Two hundred and ninety-five (54%) patients responded adequately to rate control therapy. Carriers of Gly variant at 389 were more likely to respond favorably to rate control therapy; 60% responders in carriers of minor allele group vs. 51% in Arg389Arg genotype, χ2 P = 0.04. Polymorphism at position 49 did not influence response to rate control therapy; 52% responders in carriers of minor allele group vs. 55% in Ser49Ser genotype; χ2 P = 0.45 (Figure 1). In regression analysis, multiple clinical variables (age, HTN, gender) failed to significantly predict adequate response to rate control therapy. By contrast, dominant model (identical effect is expected in heterozygous and homozygous variant carriers), showed a significant association of adequate rate control with the Gly389 variant allele (OR: 1.44, 95% CI: 1.01–2.04, P <0.05). This association persisted after correction for age and gender (OR: 1.42, 95% CI: 1.00–2.03, P <0.05). Polymorphism at position 49 was not significantly associated with adequate rate control under all the three genetic models (Table 5). Haplotype-response association analysis also confirmed that Gly variant at position 389 significantly favors adequate rate control therapy. Since Ser49Ser did not influence outcome of therapy as a haplotype with Arg389Arg, we think the effect observed with Arg389Gly-Ser49Ser haplotype is primarily driven by the Gly389 variant (Figure 2).

Figure 1
Response to rate control therapy based on β1-adrenergic receptor genotype
Figure 2
Response to rate control therapy based on β1-adrenergic receptor haplotype
Table 5
Logistic regression of two common β1-AR polymorphisms, Arg389Gly and Ser49Gly and response to rate control therapy with β-blockers, calcium-channel blockers or digoxin.

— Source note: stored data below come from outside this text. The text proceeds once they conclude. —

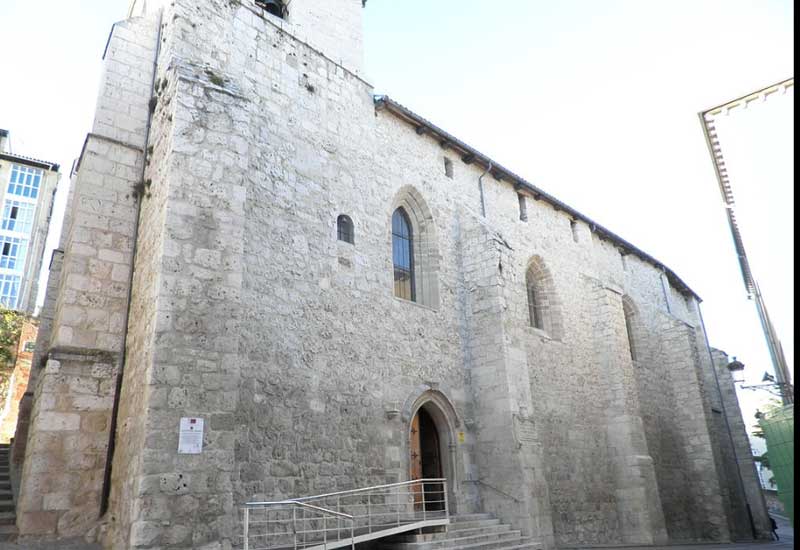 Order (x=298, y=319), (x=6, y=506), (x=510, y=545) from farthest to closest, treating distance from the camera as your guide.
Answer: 1. (x=510, y=545)
2. (x=298, y=319)
3. (x=6, y=506)

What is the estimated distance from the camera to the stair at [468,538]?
9727mm

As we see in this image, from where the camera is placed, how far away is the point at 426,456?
12.6 meters

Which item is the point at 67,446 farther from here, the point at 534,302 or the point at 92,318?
the point at 534,302

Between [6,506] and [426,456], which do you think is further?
[426,456]

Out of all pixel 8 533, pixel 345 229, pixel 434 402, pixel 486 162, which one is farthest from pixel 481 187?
pixel 8 533

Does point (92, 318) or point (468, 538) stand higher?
point (92, 318)

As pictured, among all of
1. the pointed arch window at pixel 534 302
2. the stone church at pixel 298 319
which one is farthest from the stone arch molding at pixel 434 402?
the pointed arch window at pixel 534 302

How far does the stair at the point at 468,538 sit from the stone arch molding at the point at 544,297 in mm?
6457

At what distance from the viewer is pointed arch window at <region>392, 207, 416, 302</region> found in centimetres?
1341

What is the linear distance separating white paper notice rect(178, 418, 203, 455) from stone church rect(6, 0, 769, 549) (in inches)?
2.2

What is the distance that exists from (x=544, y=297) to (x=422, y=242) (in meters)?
5.15

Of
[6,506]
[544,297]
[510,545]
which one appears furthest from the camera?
[544,297]

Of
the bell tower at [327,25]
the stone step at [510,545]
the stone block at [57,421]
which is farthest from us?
the bell tower at [327,25]

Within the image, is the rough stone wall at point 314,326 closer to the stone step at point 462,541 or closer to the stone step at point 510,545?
the stone step at point 510,545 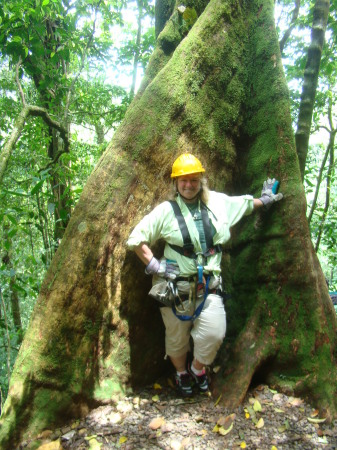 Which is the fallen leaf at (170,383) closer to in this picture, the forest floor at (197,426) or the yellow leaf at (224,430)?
the forest floor at (197,426)

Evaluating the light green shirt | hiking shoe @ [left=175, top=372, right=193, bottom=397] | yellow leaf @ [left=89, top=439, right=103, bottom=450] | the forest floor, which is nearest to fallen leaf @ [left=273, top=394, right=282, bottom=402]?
the forest floor

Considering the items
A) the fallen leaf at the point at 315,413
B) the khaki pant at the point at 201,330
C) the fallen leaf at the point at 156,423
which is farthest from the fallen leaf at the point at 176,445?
the fallen leaf at the point at 315,413

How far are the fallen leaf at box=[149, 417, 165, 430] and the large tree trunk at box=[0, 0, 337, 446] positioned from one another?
0.47 meters

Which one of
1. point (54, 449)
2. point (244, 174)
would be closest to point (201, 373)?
point (54, 449)

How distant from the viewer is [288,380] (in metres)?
3.19

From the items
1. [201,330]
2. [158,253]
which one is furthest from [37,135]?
[201,330]

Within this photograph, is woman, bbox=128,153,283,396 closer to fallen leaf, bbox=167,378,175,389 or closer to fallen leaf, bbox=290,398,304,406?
fallen leaf, bbox=167,378,175,389

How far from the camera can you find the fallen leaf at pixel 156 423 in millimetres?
2840

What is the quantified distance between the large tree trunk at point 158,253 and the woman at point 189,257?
1.15 ft

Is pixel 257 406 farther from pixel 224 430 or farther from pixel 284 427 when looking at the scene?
pixel 224 430

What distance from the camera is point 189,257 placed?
304 centimetres

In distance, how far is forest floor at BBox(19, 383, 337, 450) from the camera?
104 inches

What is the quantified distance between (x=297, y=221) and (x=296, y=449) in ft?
6.56

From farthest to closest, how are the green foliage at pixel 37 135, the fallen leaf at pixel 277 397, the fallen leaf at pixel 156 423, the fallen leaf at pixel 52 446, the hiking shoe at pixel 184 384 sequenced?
the green foliage at pixel 37 135 → the hiking shoe at pixel 184 384 → the fallen leaf at pixel 277 397 → the fallen leaf at pixel 156 423 → the fallen leaf at pixel 52 446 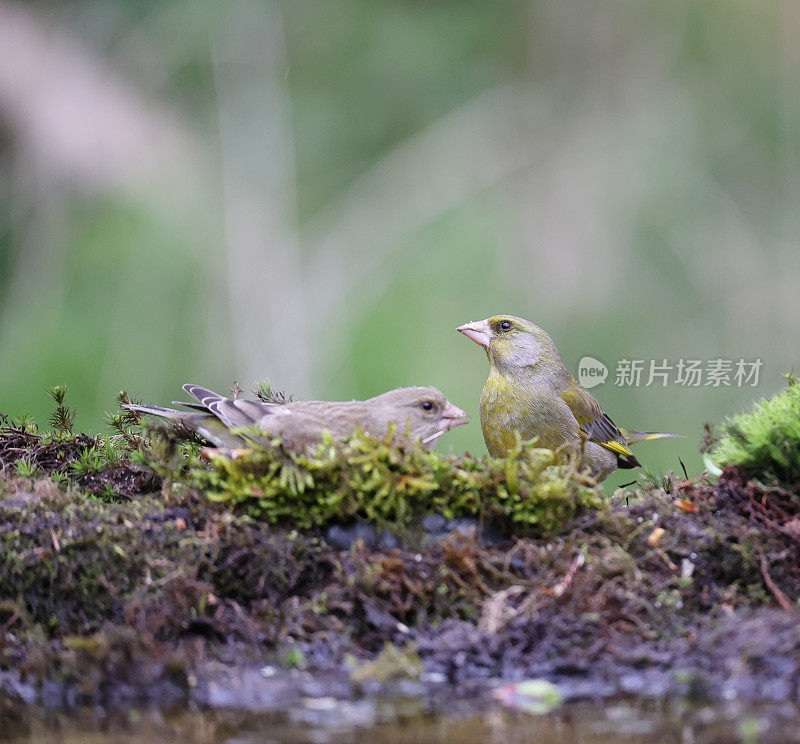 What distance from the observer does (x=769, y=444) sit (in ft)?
10.0

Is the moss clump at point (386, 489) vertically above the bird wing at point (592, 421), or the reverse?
the bird wing at point (592, 421)

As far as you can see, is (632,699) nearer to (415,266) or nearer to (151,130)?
(415,266)

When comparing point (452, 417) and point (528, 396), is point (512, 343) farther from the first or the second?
point (452, 417)

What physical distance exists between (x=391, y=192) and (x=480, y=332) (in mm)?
3687

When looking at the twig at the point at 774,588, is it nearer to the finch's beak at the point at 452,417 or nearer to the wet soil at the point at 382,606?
the wet soil at the point at 382,606

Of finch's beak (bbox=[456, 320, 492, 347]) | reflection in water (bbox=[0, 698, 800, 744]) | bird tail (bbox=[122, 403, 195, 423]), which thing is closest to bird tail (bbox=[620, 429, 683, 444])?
finch's beak (bbox=[456, 320, 492, 347])

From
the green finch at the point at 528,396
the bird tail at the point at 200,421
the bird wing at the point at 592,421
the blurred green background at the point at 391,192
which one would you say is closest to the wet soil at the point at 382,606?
the bird tail at the point at 200,421

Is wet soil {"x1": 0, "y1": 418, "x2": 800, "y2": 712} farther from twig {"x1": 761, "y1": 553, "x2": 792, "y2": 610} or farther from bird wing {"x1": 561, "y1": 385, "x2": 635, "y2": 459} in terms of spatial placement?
bird wing {"x1": 561, "y1": 385, "x2": 635, "y2": 459}

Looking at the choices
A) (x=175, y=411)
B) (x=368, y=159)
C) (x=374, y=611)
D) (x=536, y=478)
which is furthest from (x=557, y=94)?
(x=374, y=611)

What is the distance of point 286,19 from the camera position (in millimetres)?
8750

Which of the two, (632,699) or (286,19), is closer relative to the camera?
(632,699)

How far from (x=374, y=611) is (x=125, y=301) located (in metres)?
5.61

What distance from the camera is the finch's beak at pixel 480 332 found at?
4.76 metres

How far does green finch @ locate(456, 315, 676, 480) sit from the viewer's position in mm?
4527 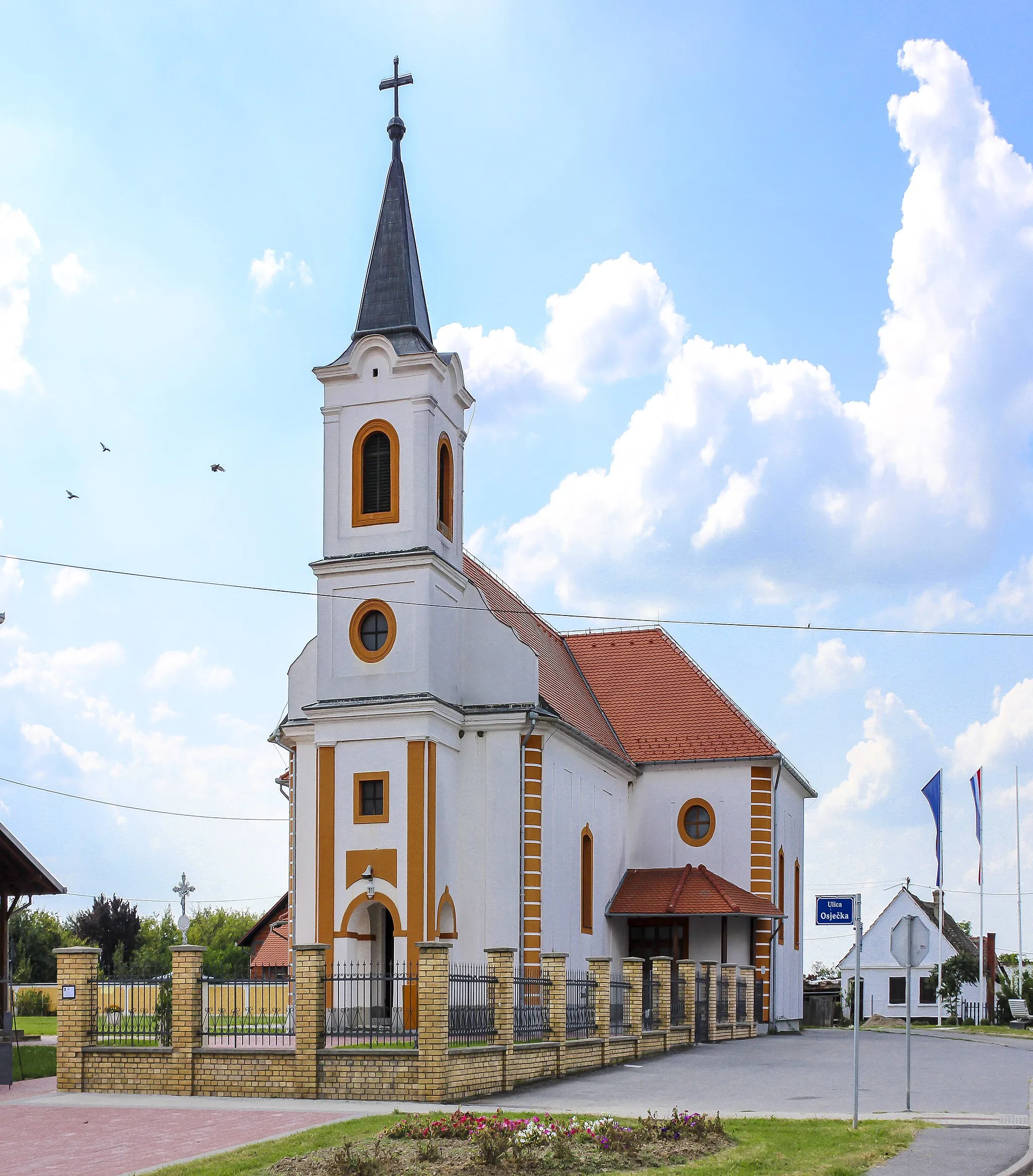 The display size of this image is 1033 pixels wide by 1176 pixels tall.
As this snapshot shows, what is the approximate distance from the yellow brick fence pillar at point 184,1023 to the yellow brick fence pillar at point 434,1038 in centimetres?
363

Among responders, patients with Arg389Arg-Ser49Ser haplotype required the highest doses of BBs and CCBs to achieve adequate rate control than patients with Arg389Gly-Ser49Ser haplotype who required the lowest doses; atenolol 92 mg vs. 68 mg; carvedilol 44 mg vs. 20 mg; metoprolol 80 mg vs. 72mg; diltiazem 212 mg vs. 180 mg and verapamil 276 mg vs. 200 mg respectively (P < 0.01 for all comparisons). It is noteworthy that there was no statistical difference in the number of medications prescribed among these haplotypes (as shown in Table 4) suggesting the difference in doses to be truly related to genotypes. Similarly, in categorizing drug prescription distribution by genotype at position 389 (137 [Arg389Arg] vs. 129 [Arg389Gly]), there was no statistical difference in the number of drugs prescribed for each genotype group: atenolol (22 [Arg389Arg] vs. 26 [Arg389Gly]); carvedilol (13 [Arg389Arg] vs. 11 [Arg389Gly]); metoprolol (47 [Arg389Arg] vs. 46 [Arg389Gly]); digoxin (13 [Arg389Arg] vs. 8 [Arg389Gly]); diltiazem (41 [Arg389Arg] vs. 45 [Arg389Gly]) and verapamil (14 [Arg389Arg] vs. 13 [Arg389Gly]) (P > 0.05 for all comparisons).

Table 4
Drug prescription distribution among responders by haplotype Arg389Arg-Ser49Ser (n = 85) and Arg389Gly-Ser49Ser (n = 97).

Discussion

Our study is the first to demonstrate that a common ADRB1 polymorphism Arg389Gly predicts a favorable response to rate-control therapy in AF patients. Gly389 variant is present in 24–46% of humans across different races making our finding especially significant with respect to its clinical implications.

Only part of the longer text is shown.